How Adidas manage their supplier relationships

Adizero Adios Pro Credit: Adidas
With a global and multi-tiered supply chain, how does sportswear giant Adidas manage their many supplier relationships ?

Adidas has now outsourced most of its production and currently work with more than 400 independent factories around the world that manufacture products in around 45 countries. Their supply chain is global and multi-layered, with some suppliers working as directly contracted factories.

Relationships with strategic partners

The company’s global supply chain extends through various tiers from strategic manufacturing partners to componentry and materials suppliers, to raw material sources, such as cotton, leather and natural rubber. Adidas works closely with key strategic partners, the vast majority of their products are produced in the facilities of around 110 manufacturing partners worldwide. 

Their strategy is constructed to value long-term relationships, with 65% of their independent manufacturing partners working with the company for at least ten years and 35% recording a tenure of more than 20 years. The length of supplier relationships is determined by specific performance criteria which is regularly measured and reviewed, with suppliers incentivised to maintain a high level of performance against the criteria through the awarding of higher orders.

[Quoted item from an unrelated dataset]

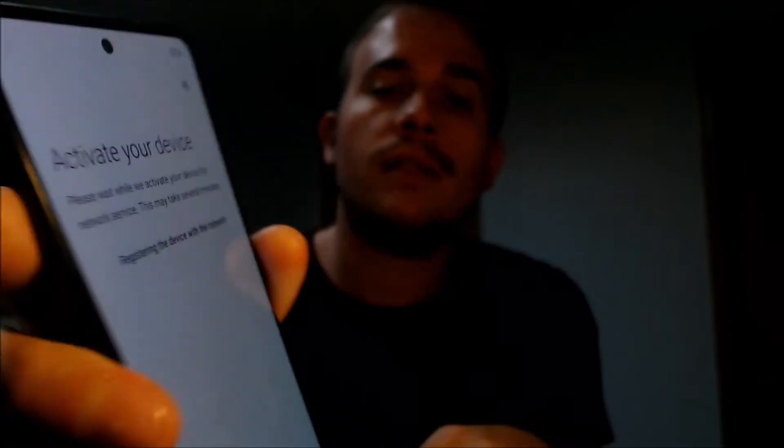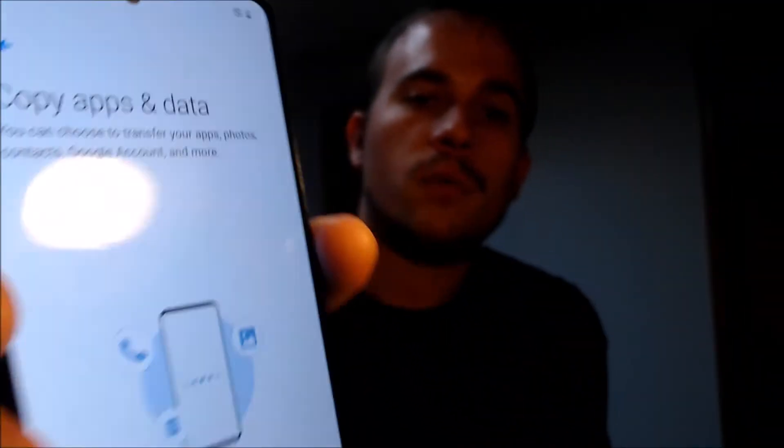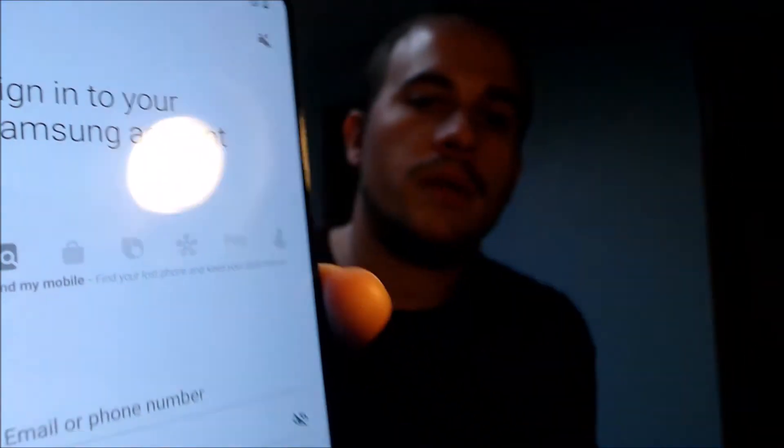So we're running through all of the setup steps here, and I'm just going to go ahead and skip everything because we don't really need to do any of them in this case. We're skipping Wi-Fi, and then we're going to also skip transferring any old data. We're going to skip through all of the Google things, and we also don't need a screen lock, so we're going to skip that.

Adidas World of Sports, the Adidas AG headquarters in Herzogenaurach, Germany Credit: Adidas

Sourcing relationships

Direct sourcing

Adidas holds direct contractual relationships with core suppliers who are centrally supervised by the company’s Global Operations function. Global Operations manages the development, production, planning, sourcing and distribution of the vast majority of Adidas products. These suppliers produce the predominant share of the total sourcing volume of the company.

Indirect sourcing

The remaining minor part of their product volume is sourced by agents or made under licence. Agents place orders with their preferred suppliers. Licensees may either place orders directly with their suppliers or use agents as intermediaries. Adidas’ indirect supply chain complements their direct sourcing by meeting specific requirements that cannot be serviced through the Global Operations approach.

Local market production

To remain agile and quickly seize short-term opportunities in their local markets – and to satisfy a niche market requirement or specific trade regulations – Adidas subsidiaries may also source from local suppliers in a specific country that are not overseen by Global Operations. These suppliers require authorisation from the Social and Environmental Affairs team for production.

Adidas London flagship store Credit: Adidas

How do Adidas review their supplier performance?

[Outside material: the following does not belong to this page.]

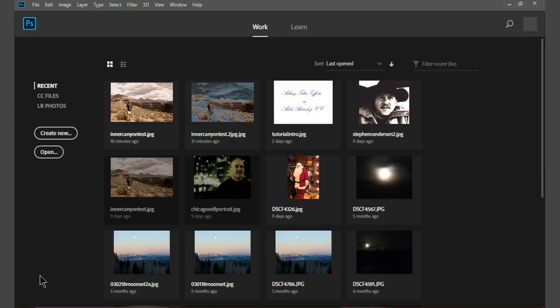Open the Adobe Photoshop CC program and click on the photograph that you wish to edit.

A critical part of Adidas’ supplier performance policy is the implementation of their Workplace Standards, and the supply chain code of conduct, which also covers workers’ health and safety and provisions to ensure environmentally sound factory operations. To enforce compliance with our Standards the company have a multi-level review and enforcement process in place. The rating results supplier receive are shared with sourcing teams and incorporated into the overall supplier rating that influences decisions whether and to which extent Adidas continues the business relationship with a specific supplier.

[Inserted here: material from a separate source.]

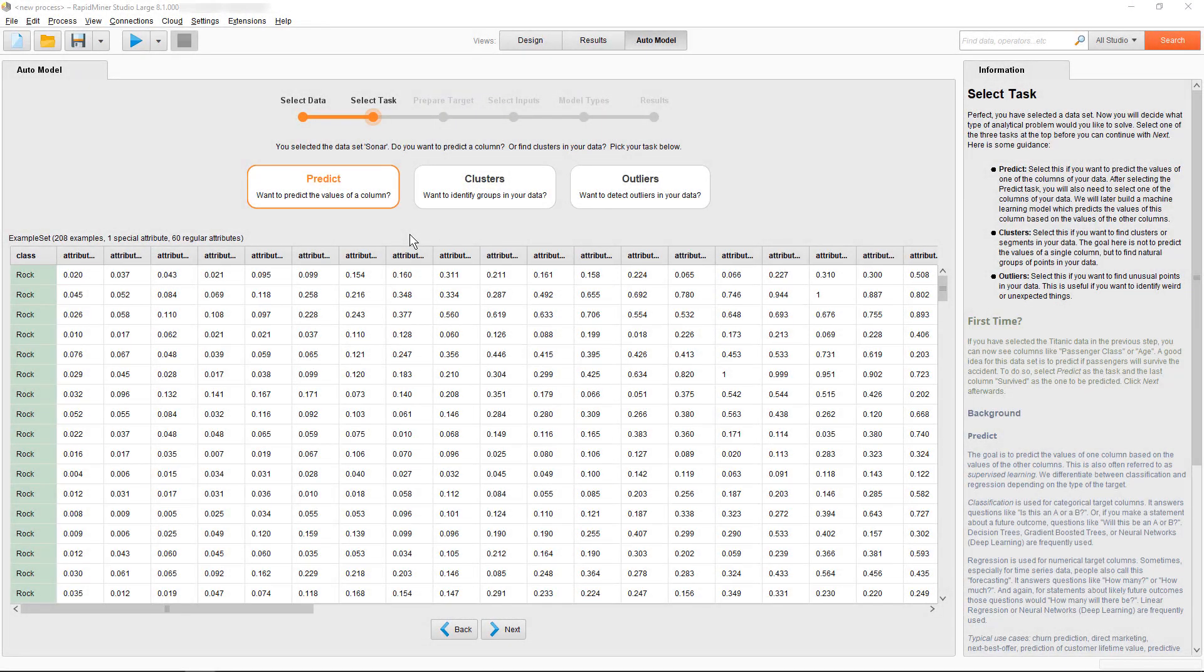In the video on classification with the auto model feature, we provided an introduction to the tool and its usage in conjunction with classification.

Alongside those monitoring activities, the company values independent and unannounced assessments by independent third parties. As a member of the Fair Labour Association (FLA), Adidas is subject to external assessment by independent monitors. In 2005, their own  monitoring program was accredited by the FLA for the first time and re-accreditation took place in 2008 and in 2017. This decision was based on independent factory monitoring and verification reports of supplier facilities and a thorough audit of monitoring protocols, training programs and auditing systems.